Idris is one IGP that entangled himself with numerous unpalatable issues which seemed to have diverted his attention from the policing work. His frequent transfer of commissioners from one state to another is worrisome and it seems as though he is looking for loyalists at the expense of competent officers. The recent brouhaha over the Idris’ move to withdraw the security aides of the Anambra State Governor, Willie Obiano at the heel of the election was an ill-decision condemned by many concerned citizens. But Buhari, being a listening leader, as the governor cried to him, he immediately ordered the IGP to reinstate the security aides of the governor. Idris should not enmesh trivial issues that could dent his credibility; rather he should let his work speak for him.
There are lots of security challenges to be addressed across the country. Kidnap cases have risen in Nigeria, under Mr Idris and are witnessing a spike in the north, including the Kaduna-Abuja road, Kogi state, some part of the South East and South South where vehicles are intercepted on the highway, and travellers are abducted until ransom is paid. Despite hundreds of police assigned on some of these places, motorists are still crying out that the crime continues unabated, in some cases turning deadly.
Most Nigerians were happy when the President at the book lunch on Thursday raised concern on the issues of armed robbery and kidnapping and assured Nigerians that they will be addressed. This should be a signal to the IGP that he need to be on his feet knowing that the President is having a sleepless night over the security challenges confronting the nation.

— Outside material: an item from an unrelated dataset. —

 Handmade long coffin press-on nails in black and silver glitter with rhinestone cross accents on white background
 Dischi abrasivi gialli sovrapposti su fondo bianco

Unless the police take the issue of poor remuneration, strict adherence to global best practice of policing, the future of policing in Nigeria will be a bleak. If there is any bright light in the dark tunnel of policing in Nigeria, IGP Idris must change his tactics by addressing the basic challenges confronting the rank and file and also get the people deeply involved in policy decisions that will usher in a new breed of policing in the country. Though, that may not be enough unless the reform focuses on tackling the root causes of the menace.
We want to see a breed of police and policing system that is based on professionalism. Law enforcement officers are never ‘off duty.’ They are dedicated public servants who are sworn to protect public safety at any time and place that the peace is threatened.